Ressources Solidaires : Comment les acteurs du logement social peuvent ils avancer entre des besoins réels, des volontés politiques exprimées et des financements débloqués au compte gouttes ?

Franck Calderini : 75 % des français remplissent les conditions d’accès au logement social qui ne répond qu’à 15 % de la demande. La volonté politique s’exprime au travers des politiques locales, PLH et PLU, besoin et autorisations, des délégations d’aide à la pierre, subventions aux bailleurs et du marché, offre versus demande. L’objectif national est fixé par les gouvernements qui tentent de piloter et sectoriser une production afin de rationaliser et maximiser ses effets. Il est faux de prétendre que le financement du logements est débloqué au comte goutte. Les bailleurs ont les moyens de construire et le modèle basé sur le financement de la construction par le livret A via la Caisse des Dépôts est une merveille d’efficacité. Il faut se rendre compte qu’au final ce sont les locataires eux même par ce biais qui apportent les fonds destinés à la construction de leurs logements. Ces fonds leurs sont dédiés et l’usage leur revient. La vraie difficulté réside dans la maitrise du bon foncier, celui situé à proximité des transports et des emplois. La politique se heurte là aux intérêts spéculatifs qui limitent son efficacité. C’est par la maitrise foncière que les acteurs avanceront vers les besoins réels. Les politiques de maitrise foncière existent, préemption, préemption renforcée, ZAD... Leur usage doit être renforcé.

Ressources Solidaires : Le mois de l’ESS se tient en ce moment. Quel regard portez vous sur l’économie sociale et solidaire ? Comment se traduit il dans vos pratiques ?

Franck Calderini : C’est une économie extrêmement dynamique basée sur des valeurs humaines et le réinvestissement de sa valeur ajoutée dans ses moyens de production. Elle exige de nous à la fois d’agir dans un cadre de valeurs déterminées, d’ouverture, de respect, d’autonomie, en les appliquant autant envers nos salariés que dans nos actions pour autrui. L’ESS cherche au travers du meilleur usage de ses moyens à maximiser son impact sur son environnement et ses missions. Ainsi chez Coallia, les salariés ont édifié un corpus précisant nos valeurs, nos moyens pour agir et les attitudes que nous devons pratiquer dans notre quotidien entre nous et envers les personnes que nous accompagnons, civisme, sincérité, fermeté, ouverture notamment. Notre vocation non lucrative se traduit par des ambitions d’utilité sociale fortes, un usage prudent de nos moyens et des modes de gestion modernes et professionnels. Nous sommes bien des entrepreneurs sociaux.
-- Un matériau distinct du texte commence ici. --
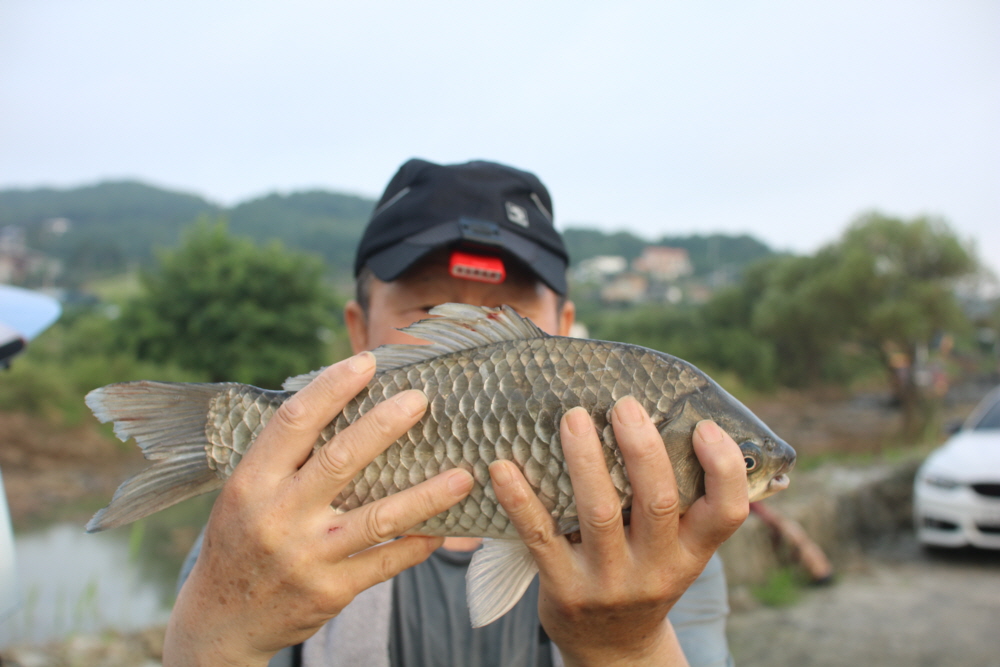 [크기변환]IMG_7984.JPG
Ressources Solidaires : L’accueil des réfugiés est un sujet sensible en Europe et en France en particulier. Quel message avez vous envie de passer en tant qu’acteur social ?
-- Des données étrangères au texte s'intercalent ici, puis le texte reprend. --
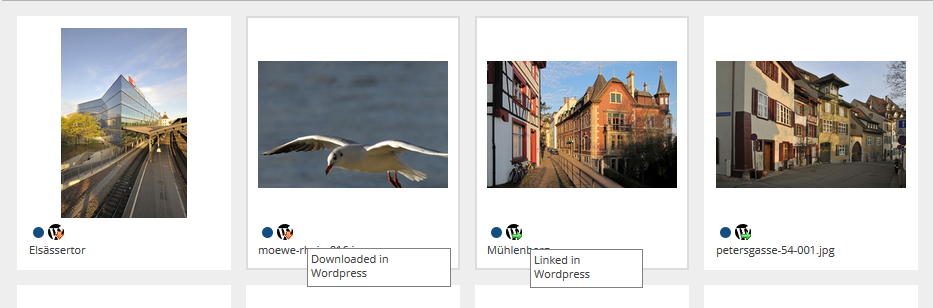 CELUM DAM: Downloaded oder verlinkte Assets von WordPress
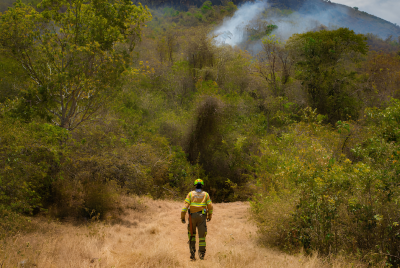 La magnitud de la emergencia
Franck Calderini : Je m’en suis exprimé auprès du personnel de Coallia. Les réfugiés sont des familles, hommes, femmes et enfants jetés sur les routes par la barbarie, qui ont tout abandonné pour sauver leur vie. Des chefs de familles prennent des risques insensés pour mettre les leurs en sécurité. Ils restent pour la plupart coincés entre deux frontières devant l’angoisse que leur afflux provoque. Ils se heurtent à nos propres difficultés d’intégration. Notre défit est considérable. Leur trouver une voie est de notre devoir. Nous devons réinventer notre modèle français dans un monde ouvert sans abandonner ce qui fait de nous un exemple. Liberté, égalité, fraternité et indivisibilité de la République.